Monday, October 31, 2011

From the PopUp Annals: Knocked Up: A Comedy From the Pro-life, Relationship-Hating Hellmouth.
By K. M. Zwick

(Note: Mature content and sarcasm warning) (Originally appeared in The Weekly Digest in October 2011)

Back in 2007, at the beginning of the aughts bromance comedy era, this was one of the most enjoyable mainstream comedies I’d seen in a long time. Having not been familiar with Apatow’s Freaks and Geeks ensemble yet, I was impressed with my introductions to Seth Rogen, especially, and his motley crew of degenerate man-children roommates with their impeccable comedic timing and bizarre roundtable-flavored banter. Additionally, having had no exposure to Ms. Katherine Heigl via Grey’s Anatomy, I considered her adept in her role as the albeit one-dimensional and gorgeous shrew. I laughed big belly laughs the whole way through this film, knowing all the while I was going to wax finger-wagging as soon as I left the theatre. Hey, I’m multi-dimensional.

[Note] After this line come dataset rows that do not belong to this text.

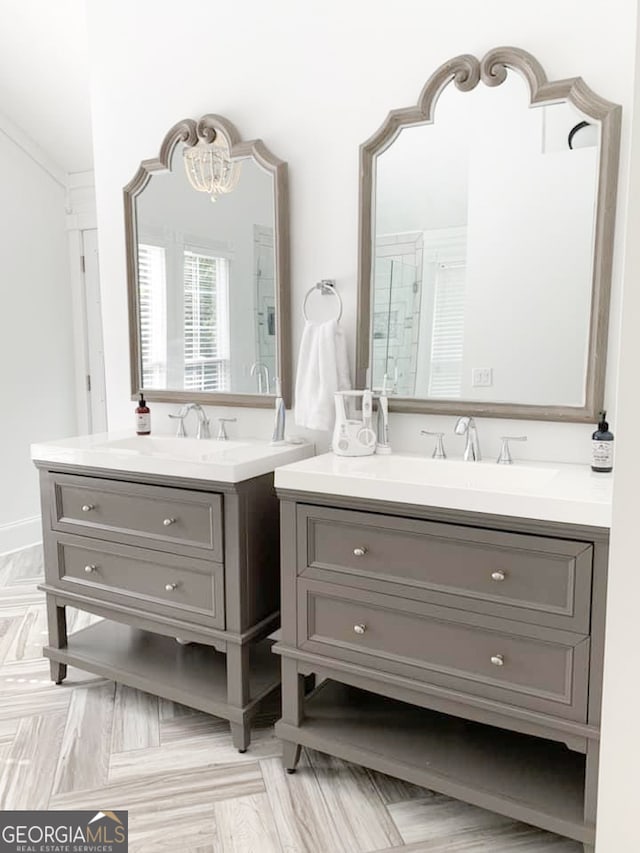 bathroom with parquet floors, vanity, and walk in shower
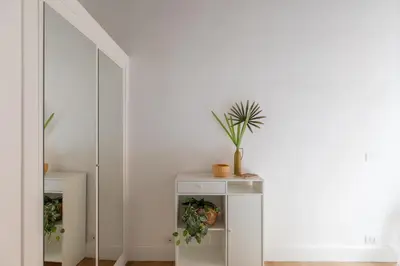 a white cabinet with a plant on it next to a mirror at iFlat Monti Charming & Cozy Apt by the Colosseum in Rome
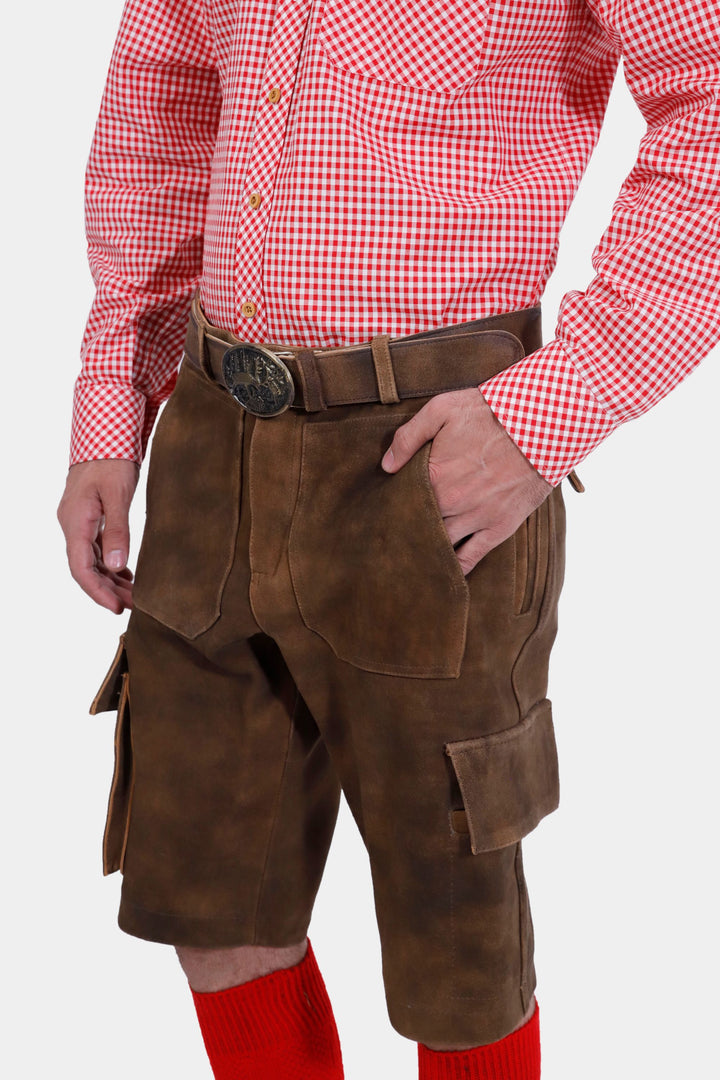 Close-up of the DJ Ötzi Cargo Lederhosen, highlighting the side pockets and belt with a decorative buckle, worn with a red checkered shirt.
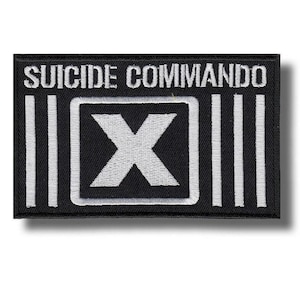 May include: Black rectangular patch with white embroidered text "SUICIDE COMMANDO". The patch features a white "X" inside a white square, flanked by vertical white stripes. The patch is likely for clothing or accessories.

Until Bridesmaids this summer, Knocked Up was Apatow’s top-grossing film. This movie was successful enough to become a household name over the past few years, and with all its subtle and not-so-subtle messages about contraception, family planning, motherhood and heterosexual relationships, I am compelled to highlight what seems so problematic to me about it in hopes to remind viewers – and myself - to be ever-mindful of the harmful messages present in our most gut-busting and commercially successful entertainment. Knocked Up grossed nearly a quarter of a billion dollars worldwide. We are the ones who pay Hollywood to keep certain messages going. After all, this film spawned many babies: I Love You, Man; Superbad; Pineapple Express; Hot Tub Time Machine and the like. For this Motherhood issue, editor Brandie Rae Madrid asked me to dust off my 2007 review and re-tool it for this issue. As I do so, I remind myself and readers what we’re not only consuming but also promoting with our entertainment dollars. 

Contraception: Woman’s Responsibility/Unsexy.

During the one-night stand and film-premise-kick-off scene between black-out-drunk Ben (Rogen) and Alison (Heigl), Ben decides to discard his condom right when he's putting it on in preparation to have sex with Alison because he interprets what Alison's saying - "Just do it already"- as her meaning "Forget the condom, let's go for it."

Message: It's the woman's responsibility to bring contraception into sex, because a man will bone anything in sight and not consider the consequences. Not only is this insulting to women, it is also insulting to men and their ability to take care of themselves (STDs? STIs? Paternity suits?). Beyond that, the scene supports that old adage that condoms are annoying nuisances, difficult to manage, and potentially ruin the enjoyment of sex. In an ongoing era when health-promoting sex education and family planning is actually a plausible aspect of a child's upbringing, do we really need a wildly popular film that promotes these stereotypical and ultimately damaging ideas about responsible engagement in sexual intercourse? Meh.

Rich People Can/Should Have Kids, Not Choices.

So, surely, the film would approach the options available to Alison when she discovers she is pregnant – due to this two-person sex gaff - maturely, if hilariously, right? But no. What we see of Alison’s decision-making is precisely a lack of her decision-making process.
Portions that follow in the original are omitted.